Gazete Vatan Logo

Sadece Sezen'in falına inanırım

Söz rüyalardan, faldan açılınca Güler Sabancı'nın cin gibi gözleri daha da parladı ve şöyle dedi: Hayatımda tek bir insanın falının aynen çıktığını gördüm, o da Sezen Aksu...

Yöneticiliğin püf noktalarını babaannesinden öğrendiğini söyleyen Güler: "O mini minnacık, harikulade kadın Atlı Köşk'te altı oğlu, altı gelini ve bir sürü torununun birbirleriyle ahenk içinde yaşamasını bir orkestra şefi gibi idare ederdi. Ondan çok şey öğrendim" diyor.

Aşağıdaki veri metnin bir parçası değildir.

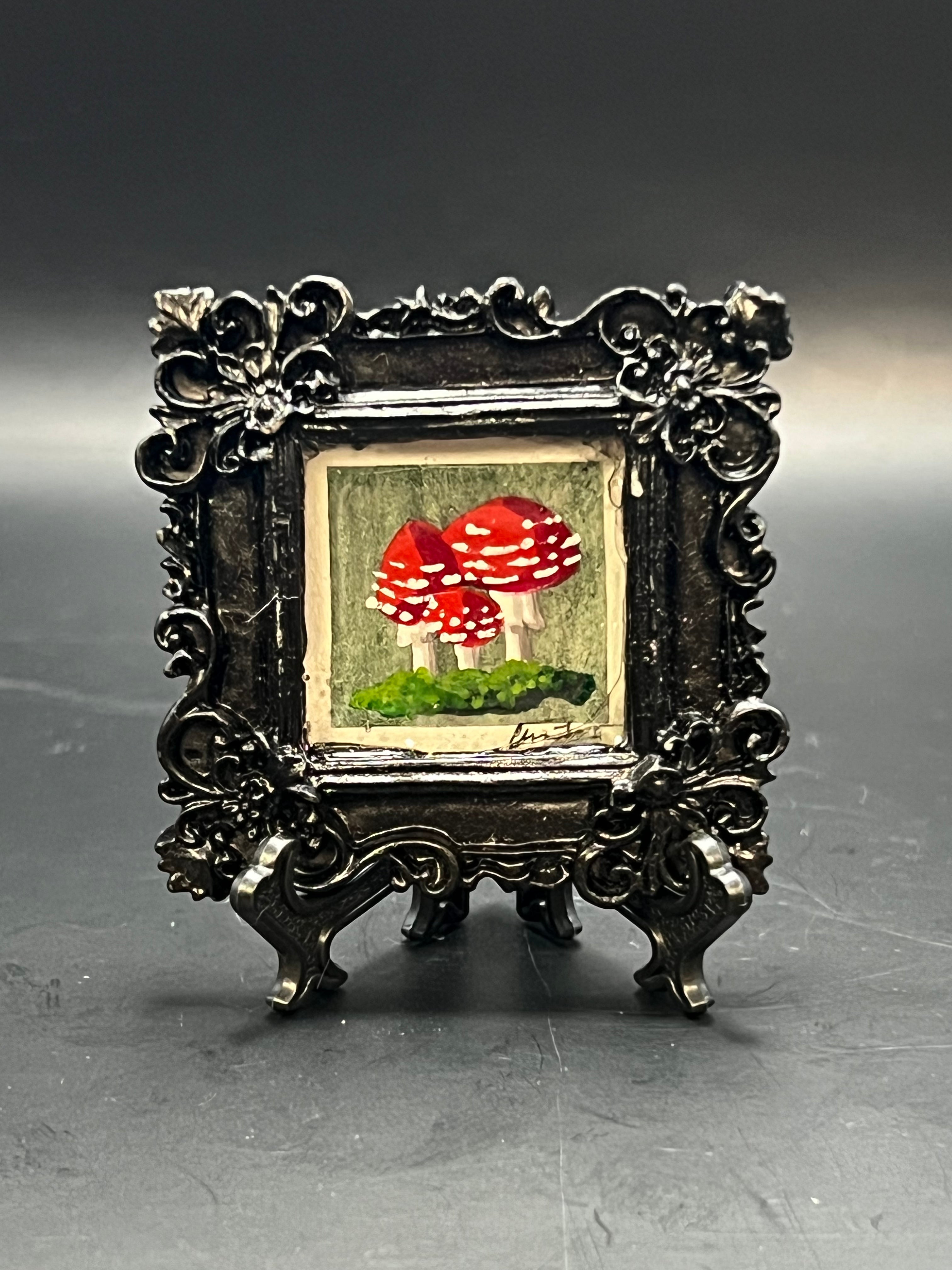 This is the handmade Fly Agaric Mushroom Green Miniature Painting by Chris Foster Design. This is showcasing the front. This is a decorative piece with a black square frame, there are three red and white speckled mushrooms in different sizes on top of dark green grass/moss. The background is a grey and green background. 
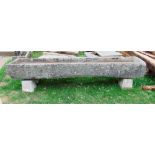 A good weathered local stone feeding trough, 2m 30cm long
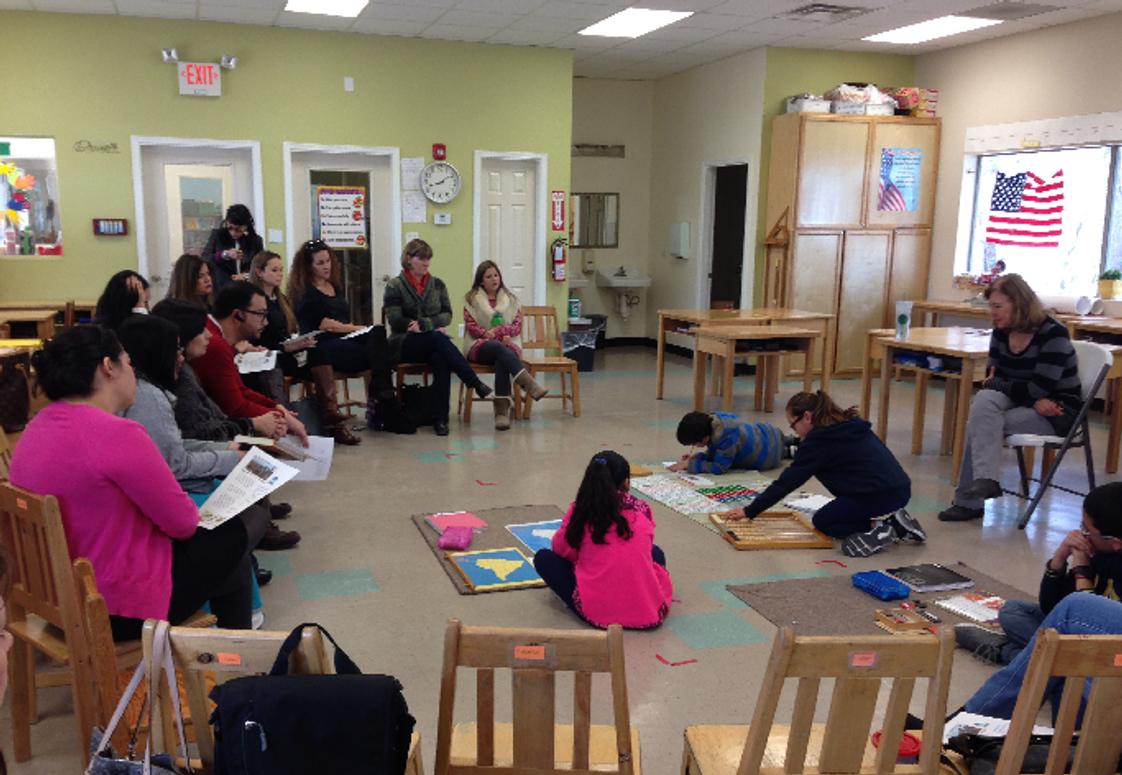 Mountain West Montessori School Photo #1 - Children show their work to parents during a Parent Meeting.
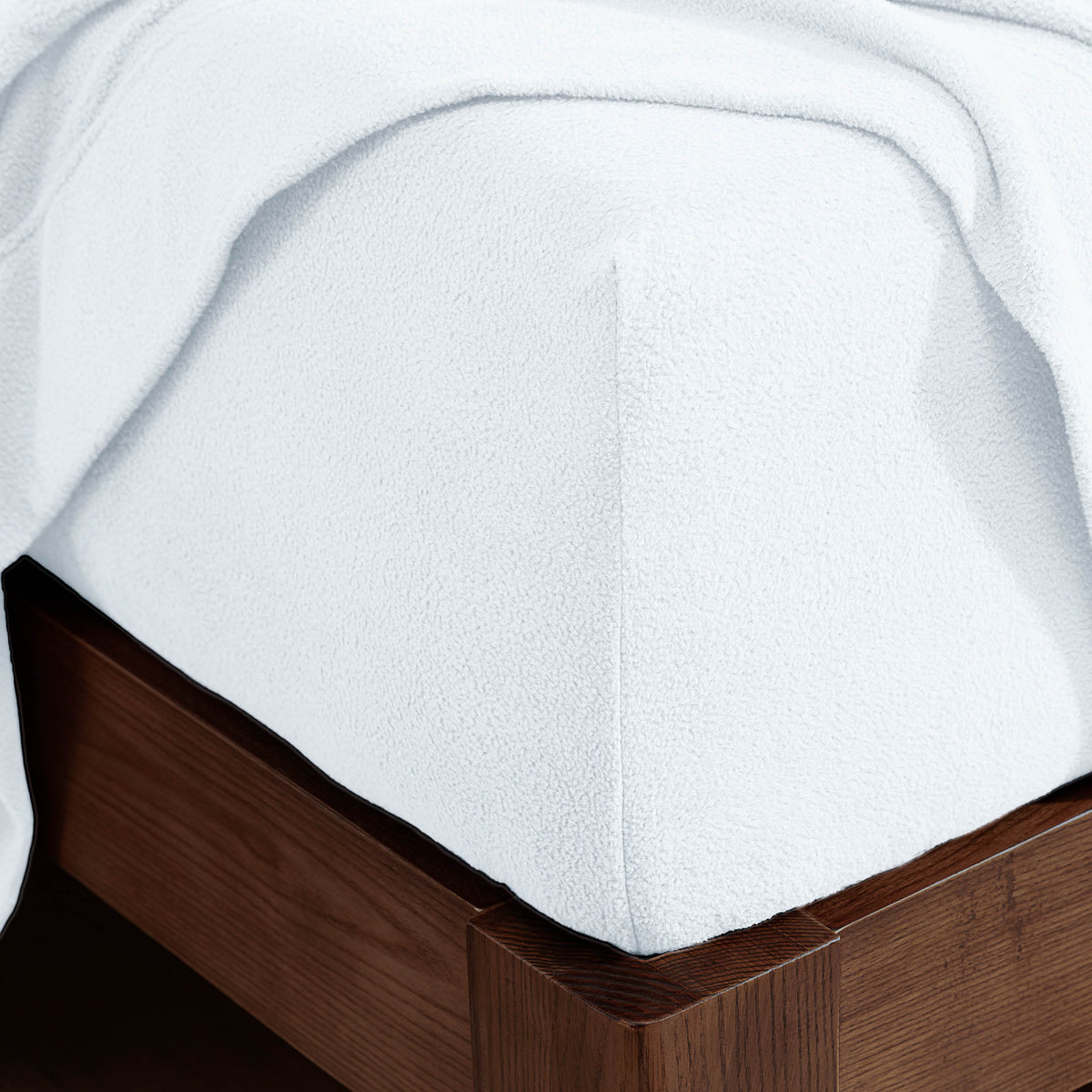 Corner of a mattress with a fitted sheet on it
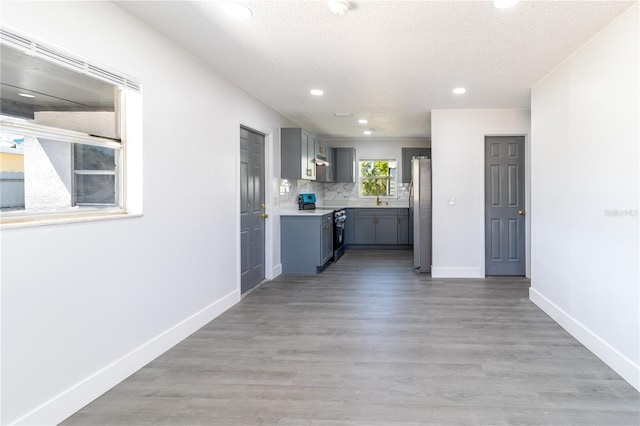 kitchen with light wood-type flooring, backsplash, stainless steel appliances, light countertops, and baseboards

Güler, özel yaşamına dair soruları ya duymamazlığa geliyor ya da konuyu becerikliliğiyle yok ediveriyor. Meselâ tam yanıt alacağımı sandığım derin bir konuyu deşerken yerinden fırladı. Fotoğrafları çeken Burak'la biz de fırladık. Güler, gözünü karşı duvara dikmiş: "Çekin o kediyi!" diye avaz avaz bağırıyordu... Kedi korktu; kaçmaya başladı. Güler'in sakinleşmesini bekledik... Sonra ağlamaklı bir sesle anlatmaya başladı: "Küçükken babaannemin yanına gelen bir kediyi görünce attığı korkunç çığlık hâlâ kulaklarımdan gitmez. O anda onu kaybedeceğimi sandım... Ve o günden sonra kedinin değil kendisini, resmini görmeye tahammül edemem."

Çok çabuk konuştular...
Güler'in korkusunu dağıtmak için konuyu değiştirdim: "Peki, Pamukova tren kazası hakkında ne düşünüyorsun?" dedim. Yanıtı kısaydı: "Bence bu konuda herkes kati sonuçlar elde edilmeden çok çabuk konuşup, çok fikir beyan etti; konuşmamalıydılar."

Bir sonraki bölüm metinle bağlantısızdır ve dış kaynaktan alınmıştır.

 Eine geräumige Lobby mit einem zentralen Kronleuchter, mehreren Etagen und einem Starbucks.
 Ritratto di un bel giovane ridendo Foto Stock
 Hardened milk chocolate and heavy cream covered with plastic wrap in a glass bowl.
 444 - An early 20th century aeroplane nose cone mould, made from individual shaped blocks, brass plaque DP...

Türkiye'nin 2-3 yıl istikrarlı büyümesi durumunda işsizlik sorununun çözüleceğine inanan Güler Sabancı, şimdiye kadar Avrupa'ya hiç bu kadar yakın olmadığımızdan ve AB'den Aralık ayında müzakere tarihi alacağımızdan da emin. Ayrıca holding bünyesindeki bütün alanlarda istikrarlı bir şekilde ilerlediklerini ve 2004 yılının ilk 5 ayında bin kişiyi işe aldıklarını, gelecek yıl sonuna kadar da iki bin kişiye istihdam sağlayacaklarını söylüyor.

Bugünlerde hükümetin, programına dahil etmek istediği nükleer santralle ilgili görüşü ise şöyle: "Bize gerekli enerjiyi vermesi açısından çok önemli ama yanlış kullanıldığı takdirde son derece tehlikeli olacağını da tren kazası olayında hep birlikte gördük."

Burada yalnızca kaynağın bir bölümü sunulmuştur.